For a period equal to the earlier of (i) two (2) years from and after the
date of this Agreement, or a (ii) occurrence and continuation of a "Default
Event" (as defined in Section 1.4 below), Corelli hereby covenants and agrees
that he shall not:
(a) enter, directly or indirectly, into the employ of or render directly
or indirectly, any services to any person, firm or corporation (i) that owns or
operates a direct mail retail catalog business that sells in North America (A) a
substantial number of items consisting of artificial flowers, plants or trees,
(B) a commercially recognized line of products or product category ("Products")
from which the Company derived 10% or more of its net sales during the twelve
(12) months ending on the date of this Agreement and during the twelve (12)

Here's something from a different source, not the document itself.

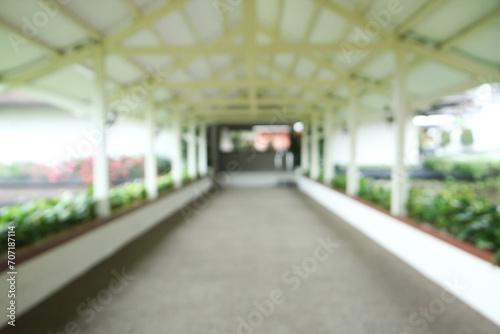 Office building business lobby with blurred background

months ending on the date such person, firm or corporation with which you are
involved purposes to sell such Products, or (C) any Products actively under
consideration to be sold by the Company at any time during the three (3) months
prior to the date of this Agreement and reasonably anticipated by the Company at
that time to become Products from which the Company will derive 10% or more of
its net sales during the twelve (12) moth period after such Products are first
sold by the Company through its catalog or retail stores, if such Products are
being sold by the Company at the time such person, firm or corporation with
which Corelli is involved proposes to sell such Products, or (ii) that is
engaged in the sale of any of the Products identified in subclauses (A), (B) and
(C) above, through its own retail stores located within the commercially
recognized marketing areas in which the Company has, as at the date of this
Agreement, either an existing retail store or a complete detailed marketing plan
approved by the Board of Directors which includes a plan to open a retail store
in such marketing area;
(b) engage, directly or indirectly, in any such business for Corelli's own
account; or
(c) become interested, directly or indirectly, in any such business as a
general partner, shareholder, director, officer, principal, agent, employee,
trustee, consultant, advisor, or in any other relationship or capacity.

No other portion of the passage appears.